▸ Description of the task:
Search the records for the word "Street" and pick out every line that has it.

[Records excerpted from a collection]

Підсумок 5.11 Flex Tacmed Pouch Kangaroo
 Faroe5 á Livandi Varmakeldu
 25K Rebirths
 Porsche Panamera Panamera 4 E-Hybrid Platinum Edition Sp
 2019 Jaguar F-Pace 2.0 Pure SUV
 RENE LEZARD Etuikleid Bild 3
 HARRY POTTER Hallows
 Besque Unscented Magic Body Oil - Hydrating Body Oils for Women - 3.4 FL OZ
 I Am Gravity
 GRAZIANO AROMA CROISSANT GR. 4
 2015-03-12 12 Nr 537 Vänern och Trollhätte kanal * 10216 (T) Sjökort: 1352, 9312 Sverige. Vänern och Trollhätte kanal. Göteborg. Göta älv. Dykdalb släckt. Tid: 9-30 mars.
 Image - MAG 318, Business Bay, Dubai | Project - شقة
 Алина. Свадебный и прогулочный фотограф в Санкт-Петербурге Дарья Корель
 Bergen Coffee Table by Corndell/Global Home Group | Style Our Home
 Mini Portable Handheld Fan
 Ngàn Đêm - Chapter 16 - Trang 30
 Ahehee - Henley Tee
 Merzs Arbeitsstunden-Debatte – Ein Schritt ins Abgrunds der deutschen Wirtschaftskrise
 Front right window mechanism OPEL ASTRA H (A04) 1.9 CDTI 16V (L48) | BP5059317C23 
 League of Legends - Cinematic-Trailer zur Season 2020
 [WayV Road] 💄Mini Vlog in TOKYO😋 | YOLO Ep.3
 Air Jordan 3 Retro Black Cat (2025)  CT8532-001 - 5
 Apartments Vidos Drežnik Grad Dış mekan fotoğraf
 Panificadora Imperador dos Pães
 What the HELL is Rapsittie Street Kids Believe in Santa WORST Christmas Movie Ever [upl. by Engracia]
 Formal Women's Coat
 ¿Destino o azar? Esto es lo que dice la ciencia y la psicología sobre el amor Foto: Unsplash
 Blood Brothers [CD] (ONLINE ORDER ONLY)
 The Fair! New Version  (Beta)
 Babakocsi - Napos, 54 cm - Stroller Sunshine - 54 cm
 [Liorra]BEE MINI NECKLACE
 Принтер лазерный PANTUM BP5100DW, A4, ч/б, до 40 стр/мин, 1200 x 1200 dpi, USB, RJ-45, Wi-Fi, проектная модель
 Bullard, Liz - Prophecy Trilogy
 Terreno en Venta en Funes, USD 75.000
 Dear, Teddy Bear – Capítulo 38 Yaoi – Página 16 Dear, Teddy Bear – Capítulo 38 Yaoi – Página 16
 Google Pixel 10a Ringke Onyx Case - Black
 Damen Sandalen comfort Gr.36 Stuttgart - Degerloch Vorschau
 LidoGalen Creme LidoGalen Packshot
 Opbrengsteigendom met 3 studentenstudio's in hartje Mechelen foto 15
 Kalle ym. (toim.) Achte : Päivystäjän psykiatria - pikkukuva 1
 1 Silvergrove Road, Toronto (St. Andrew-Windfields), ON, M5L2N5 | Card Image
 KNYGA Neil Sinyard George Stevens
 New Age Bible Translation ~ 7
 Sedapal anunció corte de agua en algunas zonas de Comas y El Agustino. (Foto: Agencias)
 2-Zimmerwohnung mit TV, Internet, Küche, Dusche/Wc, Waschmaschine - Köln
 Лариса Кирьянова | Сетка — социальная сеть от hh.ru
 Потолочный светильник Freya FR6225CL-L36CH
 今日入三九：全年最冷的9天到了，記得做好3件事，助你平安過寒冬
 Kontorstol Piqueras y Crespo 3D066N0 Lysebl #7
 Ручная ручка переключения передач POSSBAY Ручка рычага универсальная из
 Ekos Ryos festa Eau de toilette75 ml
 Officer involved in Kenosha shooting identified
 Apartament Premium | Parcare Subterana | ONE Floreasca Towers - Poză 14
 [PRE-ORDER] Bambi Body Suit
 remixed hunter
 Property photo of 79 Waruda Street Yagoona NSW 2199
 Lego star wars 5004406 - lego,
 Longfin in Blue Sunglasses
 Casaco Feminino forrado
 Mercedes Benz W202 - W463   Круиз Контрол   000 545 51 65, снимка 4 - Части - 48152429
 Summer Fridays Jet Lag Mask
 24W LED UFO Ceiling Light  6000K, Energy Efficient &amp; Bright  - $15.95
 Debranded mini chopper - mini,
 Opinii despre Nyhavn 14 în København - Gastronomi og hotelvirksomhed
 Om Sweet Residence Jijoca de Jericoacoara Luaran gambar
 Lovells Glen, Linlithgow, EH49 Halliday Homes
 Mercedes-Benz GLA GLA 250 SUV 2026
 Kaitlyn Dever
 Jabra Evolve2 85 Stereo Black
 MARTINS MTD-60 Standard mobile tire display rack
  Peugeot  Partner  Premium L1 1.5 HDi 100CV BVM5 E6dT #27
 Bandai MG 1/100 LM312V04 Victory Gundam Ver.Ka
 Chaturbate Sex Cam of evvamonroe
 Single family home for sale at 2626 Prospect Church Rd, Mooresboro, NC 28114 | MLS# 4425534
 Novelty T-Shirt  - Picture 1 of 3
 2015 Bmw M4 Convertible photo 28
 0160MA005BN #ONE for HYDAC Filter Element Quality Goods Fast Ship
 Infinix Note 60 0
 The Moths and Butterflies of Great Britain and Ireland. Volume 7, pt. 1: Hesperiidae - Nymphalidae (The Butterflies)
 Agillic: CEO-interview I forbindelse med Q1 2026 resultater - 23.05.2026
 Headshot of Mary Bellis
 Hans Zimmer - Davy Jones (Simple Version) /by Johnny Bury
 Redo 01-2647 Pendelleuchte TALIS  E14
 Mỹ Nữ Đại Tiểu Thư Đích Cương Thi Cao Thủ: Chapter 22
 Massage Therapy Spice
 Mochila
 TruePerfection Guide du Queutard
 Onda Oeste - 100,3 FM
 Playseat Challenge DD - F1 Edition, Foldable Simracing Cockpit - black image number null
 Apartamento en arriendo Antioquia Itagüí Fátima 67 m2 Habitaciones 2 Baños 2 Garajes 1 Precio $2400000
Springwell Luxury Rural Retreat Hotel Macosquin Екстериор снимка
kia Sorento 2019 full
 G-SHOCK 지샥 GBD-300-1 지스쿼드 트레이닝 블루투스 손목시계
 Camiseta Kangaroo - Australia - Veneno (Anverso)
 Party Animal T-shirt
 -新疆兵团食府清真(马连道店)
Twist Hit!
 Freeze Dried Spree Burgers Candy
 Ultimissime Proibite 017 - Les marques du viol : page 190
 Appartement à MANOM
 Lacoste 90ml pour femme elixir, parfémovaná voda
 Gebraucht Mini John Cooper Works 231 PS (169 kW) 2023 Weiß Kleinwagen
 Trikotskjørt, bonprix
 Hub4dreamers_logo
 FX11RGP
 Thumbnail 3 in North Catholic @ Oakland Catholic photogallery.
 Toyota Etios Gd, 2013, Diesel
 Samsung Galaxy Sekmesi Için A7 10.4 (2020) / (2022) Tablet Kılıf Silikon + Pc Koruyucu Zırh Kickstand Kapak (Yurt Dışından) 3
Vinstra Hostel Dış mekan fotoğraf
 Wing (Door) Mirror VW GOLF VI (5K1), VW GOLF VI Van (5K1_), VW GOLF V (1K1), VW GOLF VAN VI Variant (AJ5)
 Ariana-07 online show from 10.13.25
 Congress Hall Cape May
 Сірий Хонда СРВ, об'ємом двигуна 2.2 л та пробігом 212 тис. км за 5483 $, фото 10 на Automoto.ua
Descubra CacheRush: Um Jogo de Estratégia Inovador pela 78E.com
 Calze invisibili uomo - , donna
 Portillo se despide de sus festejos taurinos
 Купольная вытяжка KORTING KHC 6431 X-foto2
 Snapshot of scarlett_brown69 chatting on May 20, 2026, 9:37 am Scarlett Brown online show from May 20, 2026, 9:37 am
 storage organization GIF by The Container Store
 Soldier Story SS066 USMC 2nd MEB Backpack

▸ Solution below:
 What the HELL is Rapsittie Street Kids Believe in Santa WORST Christmas Movie Ever [upl. by Engracia]
 Property photo of 79 Waruda Street Yagoona NSW 2199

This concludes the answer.